**** Recorded data

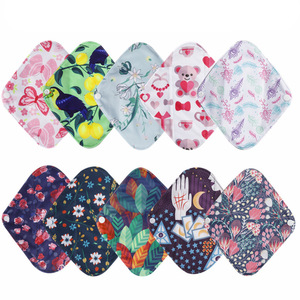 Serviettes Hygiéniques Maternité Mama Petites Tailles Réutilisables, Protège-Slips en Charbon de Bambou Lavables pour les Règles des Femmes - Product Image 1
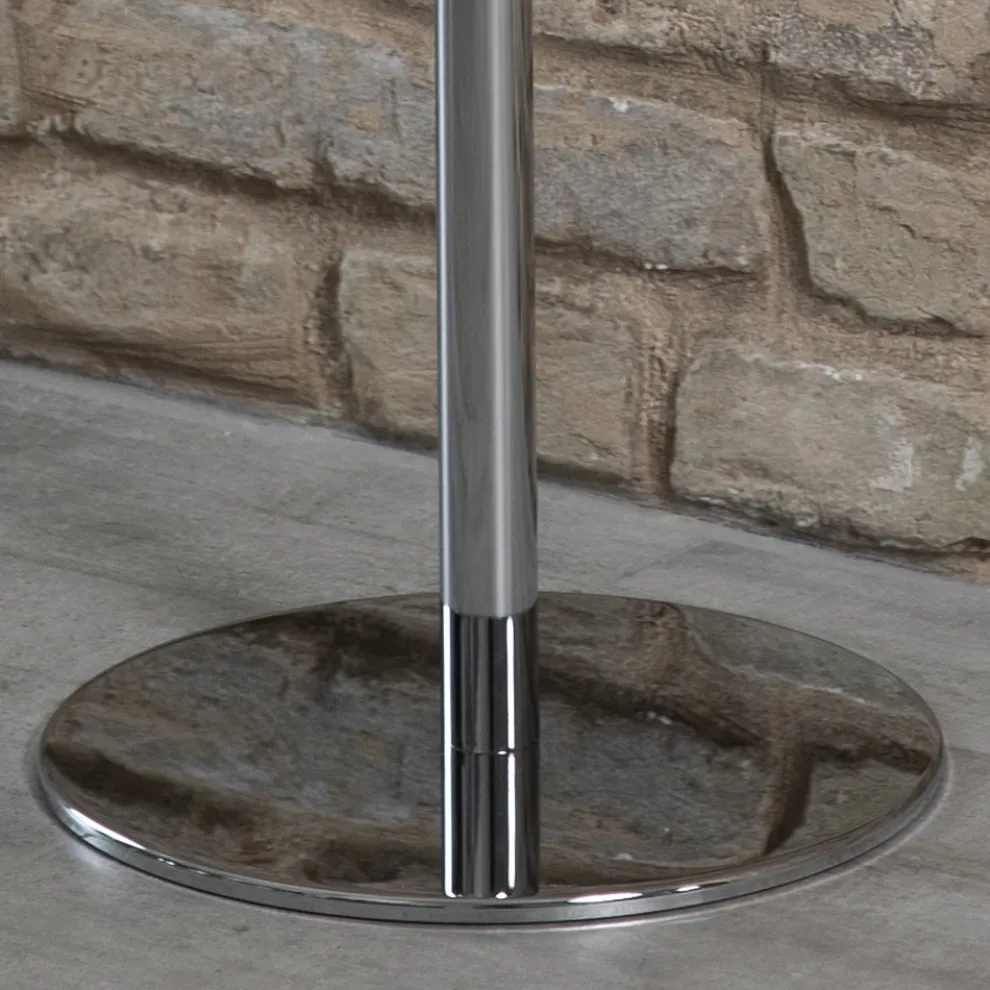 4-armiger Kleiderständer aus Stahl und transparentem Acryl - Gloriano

********
**** Recorded data

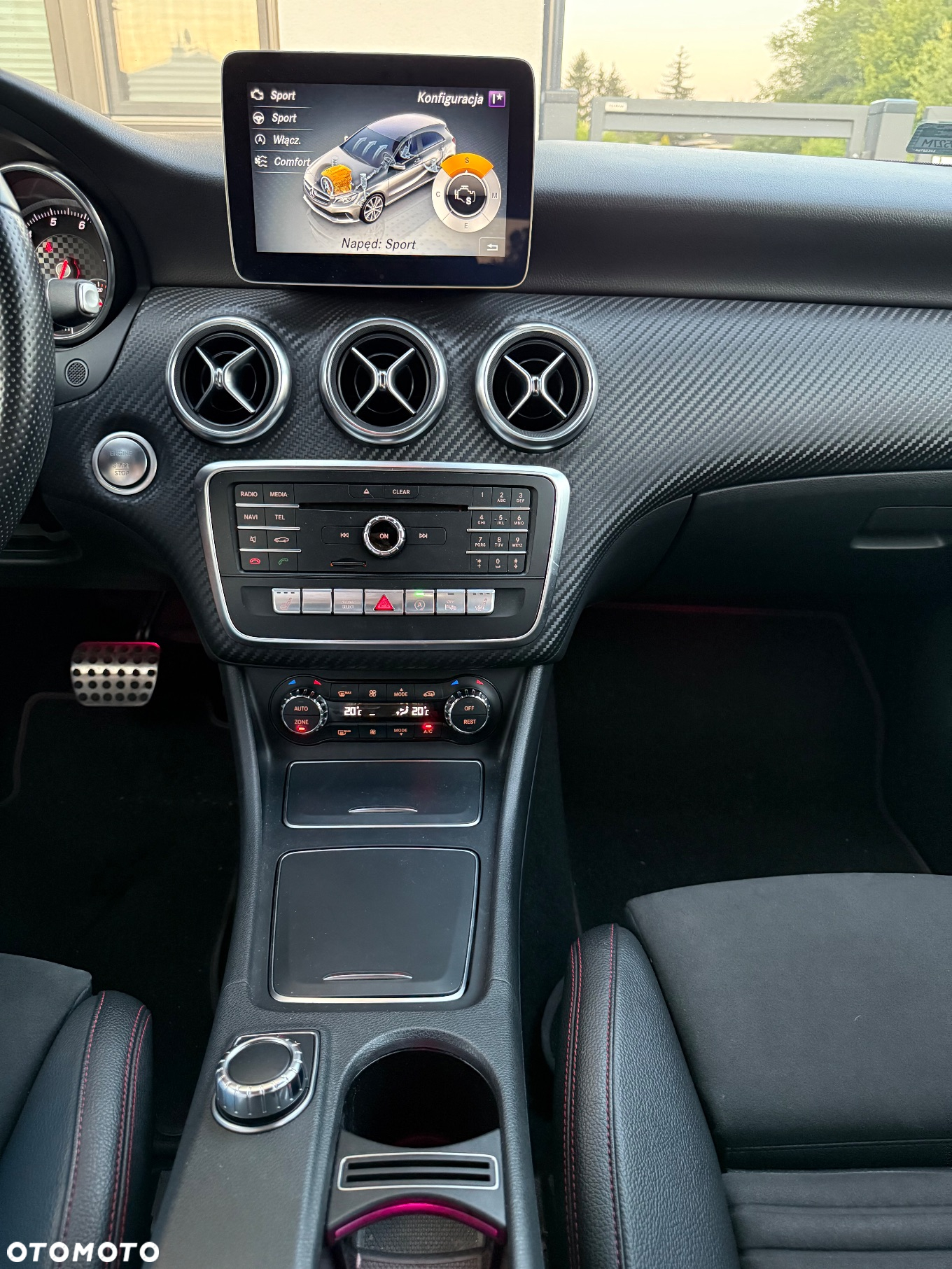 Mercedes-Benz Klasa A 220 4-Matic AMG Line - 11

********

Task statement =>
Copy exactly the part of the material above that opens with the line containing "Serviettes Hygiéniques Maternité" and closes with the line containing "4-armiger Kleiderständer aus", ends included. Drop the images.

Reply to the task =>
 Serviettes Hygiéniques Maternité Mama Petites Tailles Réutilisables, Protège-Slips en Charbon de Bambou Lavables pour les Règles des Femmes - Product Image 1
 4-armiger Kleiderständer aus Stahl und transparentem Acryl - Gloriano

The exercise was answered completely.